Persons with disabilities should not be excluded from this learning, and neither should they be denied access to national botanical gardens and the life-affirming experience of visiting them.

So it was important for publicity work around the opening of the Braille Trail at Karoo Desert National Botanical Garden to be impactful.

Not only was this an opportunity to communicate critical and key SANBI messaging (biodiversity is life … literally), but it was also an opportunity to give evidence of inclusivity in SANBI’s operations and product offering, and that the institute invests richly in making the treasure of South Africa’s biodiversity accessible to all citizens.

Wlcome sign at the Karoo National Botanical Garden’s Braille Trail

Research conducted

Until a few years ago, South Africa’s national botanical gardens received a government subsidy. Over time, though, the subsidy was reduced, and now the national botanical gardens must pay their own way: raising money through events and at the turnstiles to keep heads above water and to ensure these treasures of biodiversity are viable and thriving.

So SANBI and Flow as its communications and marketing partner do what it takes to encourage South Africans to visit the gardens. Every person through the garden gates makes it that much easier for SANBI to pay wages and cover other hefty running costs.

Flow’s research strategy for this consumer-focused campaign was first to understand the competition national botanical gardens face: how they vie for a share of consumer disposable income. This research was region-specific: the Karoo Desert National Botanical Garden does not contend with the same competition as, for example, the Kirstenbosch or Walter Sisulu national botanical gardens.

Consumer campaigns must be clear on the culture, tourism and lifestyle preferences of communities close to the garden. It makes little sense to offer an experience that does not resonate with the very people that experience is offered to.

Understanding the dynamics of community media is also important. We sought to understand the people who live close to the garden so that we could tailor communications to them and encourage them to visit.

While it’s fabulous to secure national coverage, if that coverage does not result in feet through garden gates, the effort in securing the coverage is largely wasted. Yet community media are often influenced by the national news agenda, so community media will jump on to a story if a national title deems it newsworthy enough to cover. Media research for the campaign took this into account.

The following was all duly considered: community insights; media serving the Worcester and Hex River Valley regions; lifestyle and consumer competitor offerings in the area; and national media titles where coverage would stimulate follow-on coverage and editorial endorsement in the community media.

Planning and executing the campaign

Campaign planning for publicising the launch of the Braille Trail at Karoo Desert National Botanical Garden took place alongside the research, for the one impacted and influenced the other.

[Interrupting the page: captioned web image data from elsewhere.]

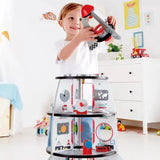 Hape Wooden Four-Stage Rocket Ship - 20Pcs
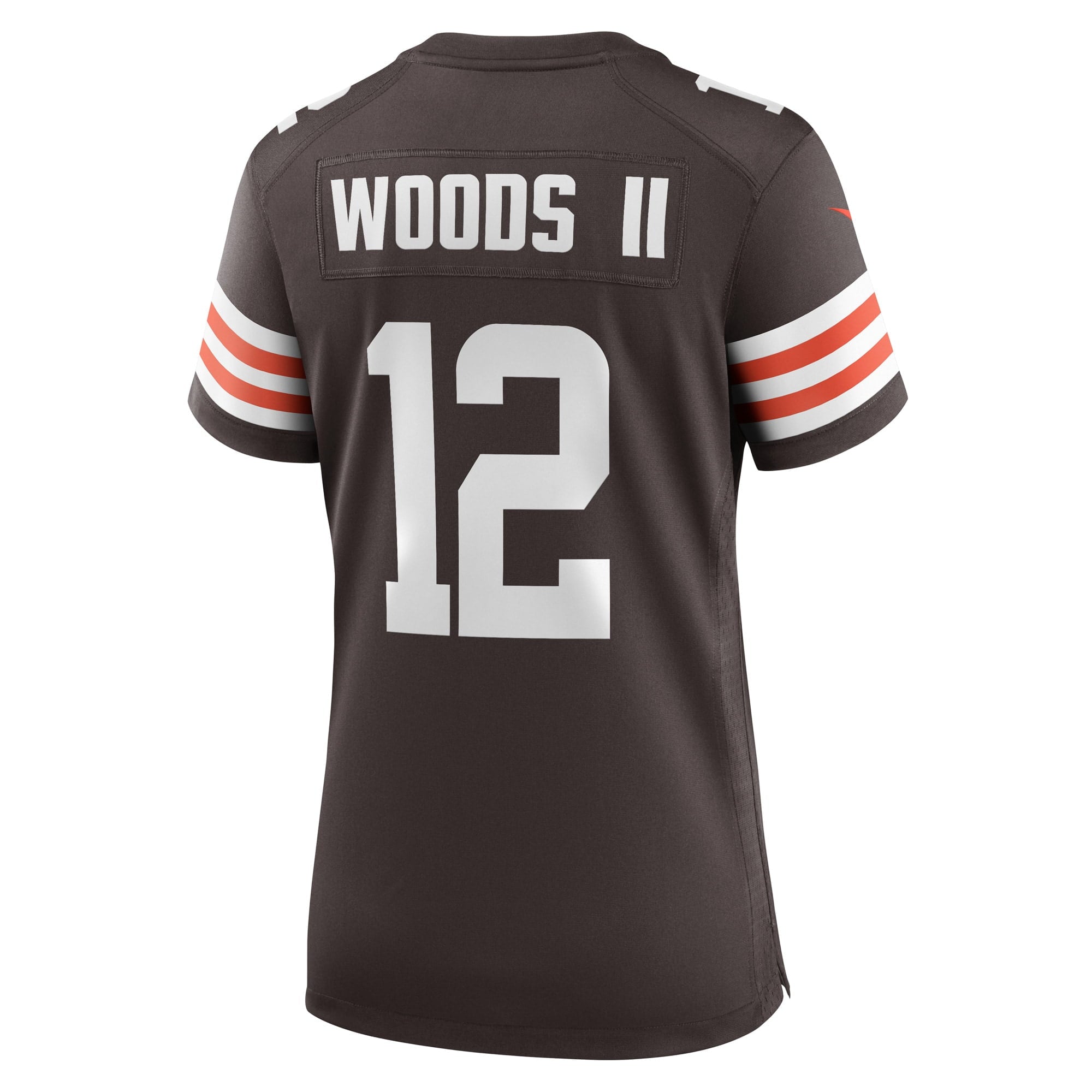 Women's Nike Michael Woods II Brown Cleveland Browns Game Player Jersey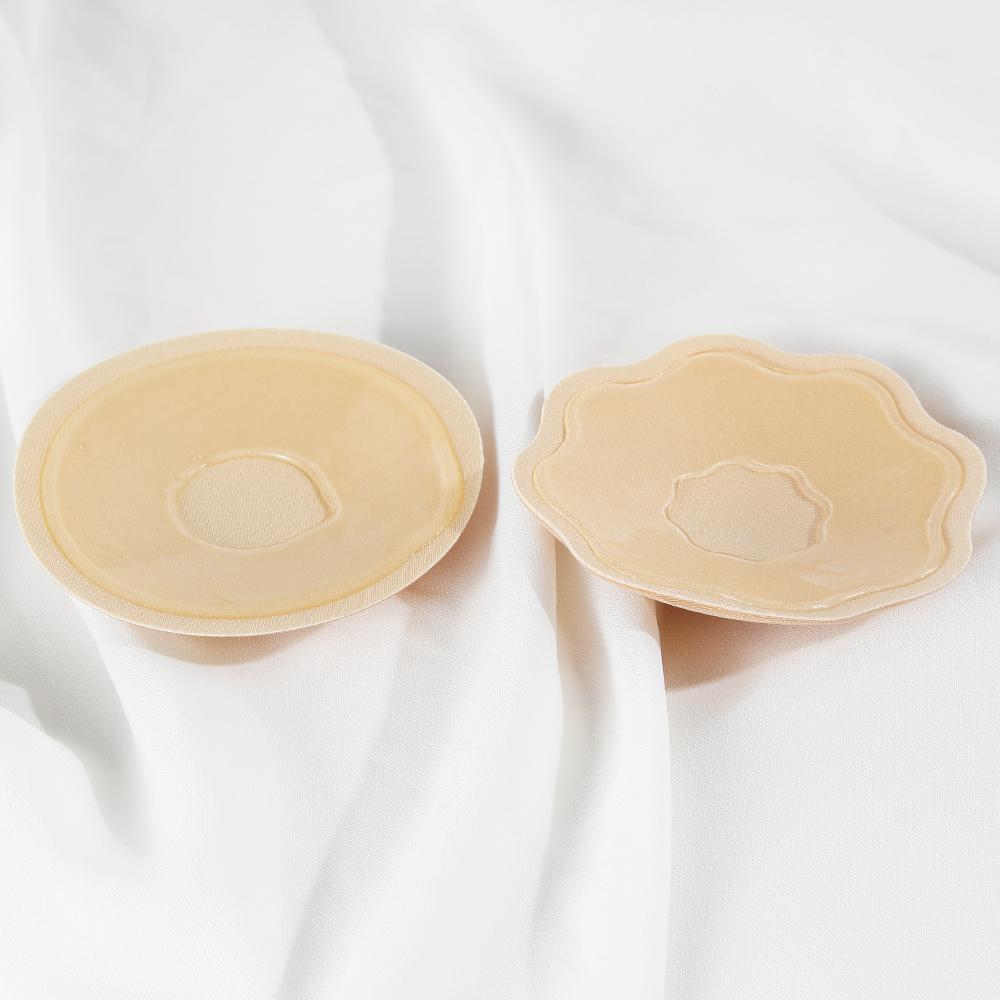 1 Pair of Female Nipple Covers Reusable Nipple Covers Charm Chest Strap Silicone Breast Stickers Women's Clothing Accessories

The campaign’s objective was:

  • To reach at least 15-million people through traditional media with news of the Braille Trail within four weeks

The primary communication commodity of the campaign was a template media release that was repurposed for the various target media. Flow is averse to “spraying and praying” and was especially determined not to deliver cookie-cutter communications for SANBI.

The primary release (inclusive of all key messaging) was altered for:

  • News media (investment in diversity and inclusivity in the Hex River Valley)

  • Travel and tourism media (a lovely day trip from Cape Town, one of the world’s favourite destination cities)

  • Lifestyle media (the beauty of a Karoo succulent garden, now accessible to all: wide open spaces, sunshine on your face, textured and fragrant plants, delightful Karoo fauna)

  • The community media (on your doorstep, the treasures of Karoo biodiversity now accessible to all, including persons with disabilities

PR about the Karoo National Botanical Garden’s Braille Trail

Evaluation/measurement

The team had set SMART (specific, measurable, appropriate, realistic and time-bound) objectives at commencement. We aimed to reach at least 15-million people with news of the Braille Trail.

This needed to be achieved within four weeks of the campaign hitting market (i.e., before the end of October 2022). It was our ambition to attract at least two lots of television coverage of the Braille Trail.

The final results were as follows: 55.3-million people reached (editorial media alone, and 40-million more people than set in the target), including a feature on the Braille Trail on both the 50/50 and Expresso television shows. This was all delivered within the four-week deadline that was set.

We thus exceeded our target by 40-million, or 268%!

The work returned an AVE of 15:1 on SANBI’s monthly investment in Flow’s services (at straight advertising rates).